**WHAT THIS TASK INVOLVES**. For this exercise, transcribe every line of the material exactly and skip the pictures.

**DATA SEGMENT**.

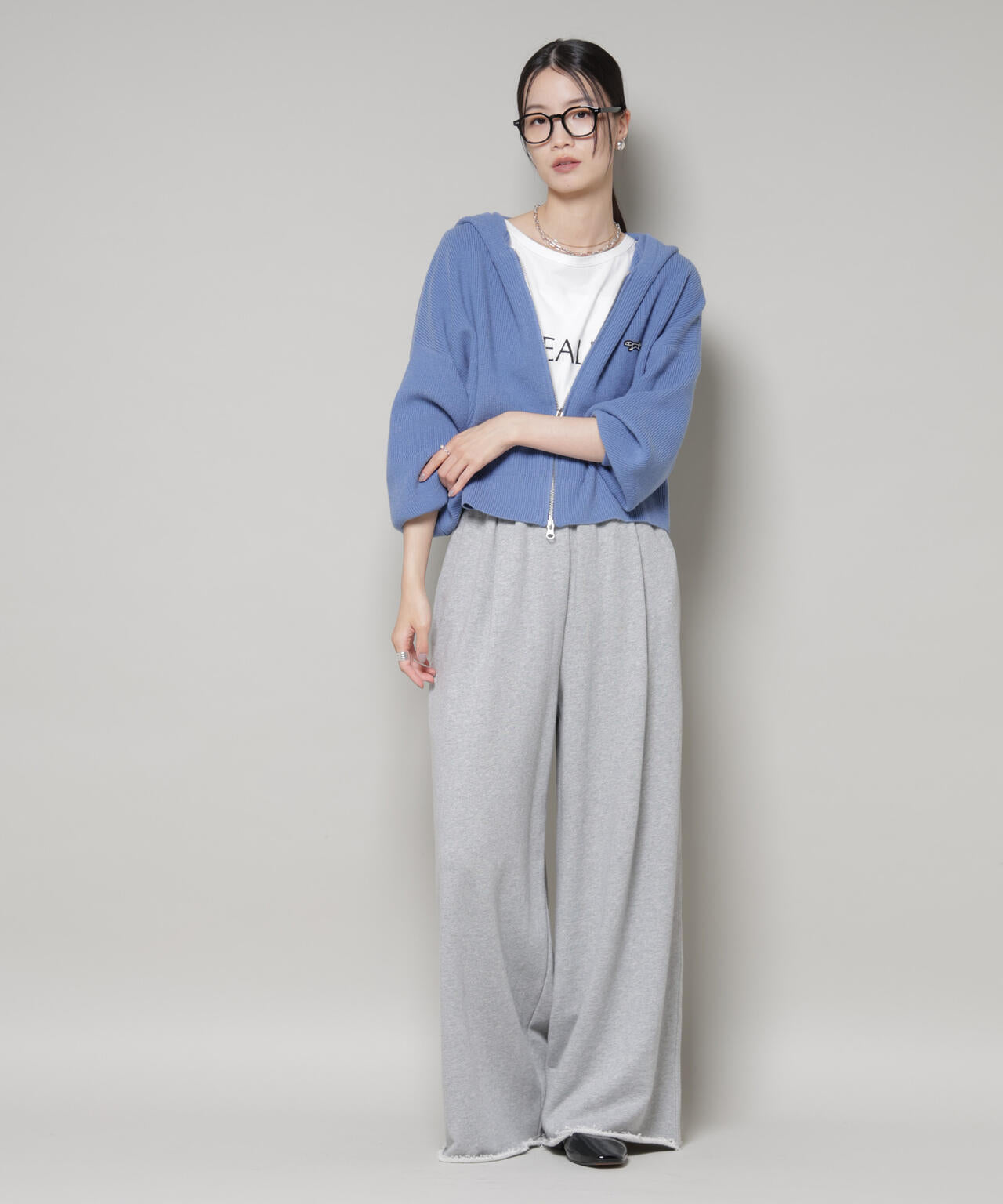 PENNEYS別注TheFOXニットフーディー 6735222338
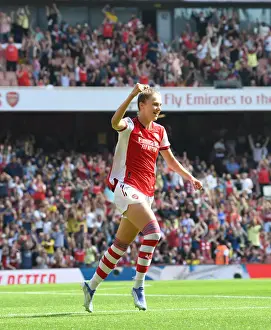 Vivianne Miedema Scores First Goal for Arsenal Women in 2021-22 FA WSL Season Against Chelsea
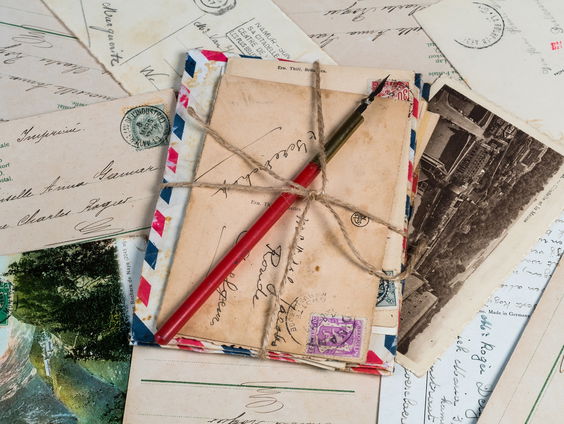 Kaartje van Kevin aan Simone en Tim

**SOLVED EXERCISE**.
 PENNEYS別注TheFOXニットフーディー 6735222338
 Vivianne Miedema Scores First Goal for Arsenal Women in 2021-22 FA WSL Season Against Chelsea
 Kaartje van Kevin aan Simone en Tim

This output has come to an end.